Stefan Effenberg kritisiert den Aufsichtsratsboss des FC Schalke für seine Äußerungen über Goretzka scharf. Und er warnt die Bayern.

Ich habe schon in meiner letzten Kolumne die Langeweile in der Bundesliga kritisiert. Elf Punkte betrug nach der Hinrunde der Vorsprung des FC Bayern auf den Tabellenzweiten FC Schalke. Nur zwei Spieltage später sind es nun schon 16 Punkte.

Bayern würde auch mit 15 Punkten nach der Hinrunde noch Meister

Wenn der FC Bayern am Ende der Hinrunde die Punkteausbeute des HSV oder von Werder Bremen gehabt hätte, würde er trotzdem noch Deutscher Meister werden. So krass ist es mittlerweile in der Bundesliga.

Auch Mats Hummels hat es gerade gesagt: Andere Ligen sind klar besser. Und er hat recht.

Die spannende Frage ist nun: Macht es der Vorsprung leichter für die Champions League – oder komplizierter?

Meine Meinung: Er macht es deutlich schwieriger.

Ist Bayern unter Guardiola die Luft ausgegangen? Quatsch!

Unter Pep Guardiola gab es das Problem schon. In den drei Jahren unter ihm sind die Bayern immer souverän Meister geworden, aber in der Champions League im Halbfinale rausgeflogen.

Viele haben das darauf geschoben, dass ihnen die Luft oder die Power ausgegangen wäre. Das ist aber völliger Quatsch. Der entscheidende Punkt ist, dass die Spannung weg ist.
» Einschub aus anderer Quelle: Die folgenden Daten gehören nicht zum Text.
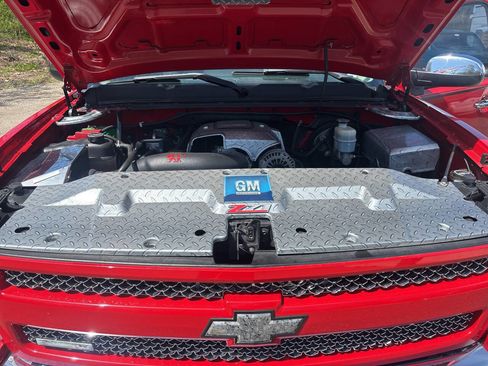 Used 2011 Chevrolet Silverado 1500 LT w/ Interior Plus Package AWD/4WD image 36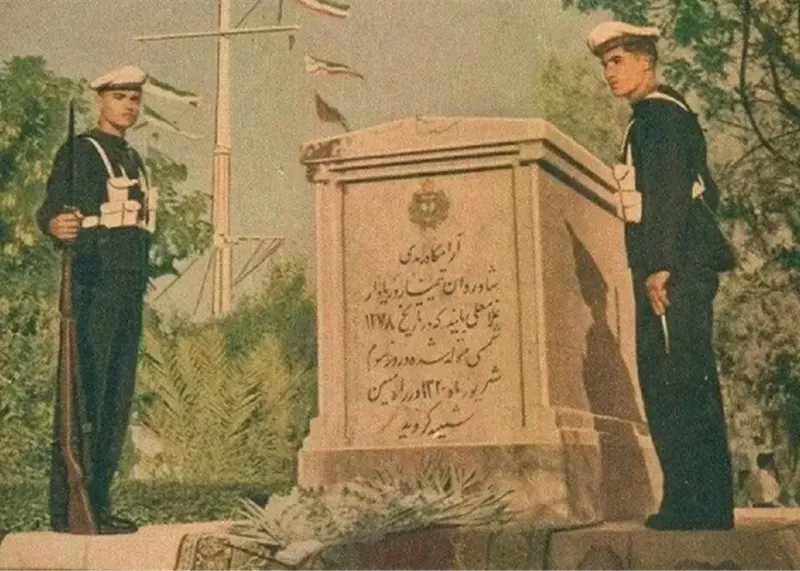 این فرمانده ایرانی پرچم انگلیس را در قشم پایین کشید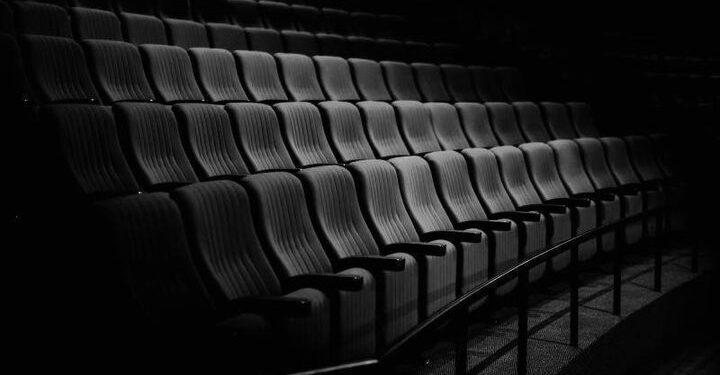 تئاترها یک شب به صحنه نمی‌روند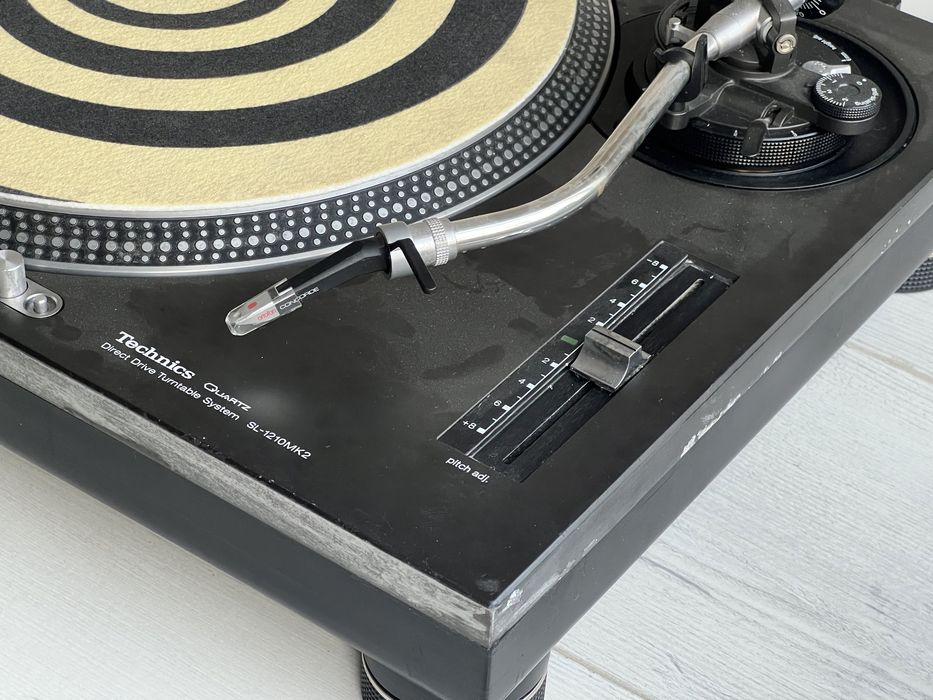 Pick-up Technics SL 1210 MK2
Du wirst nicht mehr richtig gefordert. Du gibst 80, 90 Prozent – und gewinnst die Spiele trotzdem. Du fängst an zu rotieren.

Wir standen früher permanent unter Hochspannung

Wenn ich das mit uns vergleiche, war es so, dass wir fast immer bis zum letzten Spieltag im Feuer und unter Druck standen. Der Höhepunkt war die Last-Minute-Meisterschaft 2001, als wir in der vierten Minute der Nachspielzeit den entscheidenden Treffer erzielt haben. Oder 2000 das Duell mit Leverkusen, als die am letzten Spieltag einen Drei-Punkte-Vorsprung mit einer Niederlage gegen Aufsteiger Unterhaching verspielt haben. Für mich ein klarer Vorteil: Wir standen permanent unter Hochspannung. Wenn du die nicht hast, wird es kompliziert – gerade gegen die Kaliber, die dann kommen. Das ist eine Kopfsache.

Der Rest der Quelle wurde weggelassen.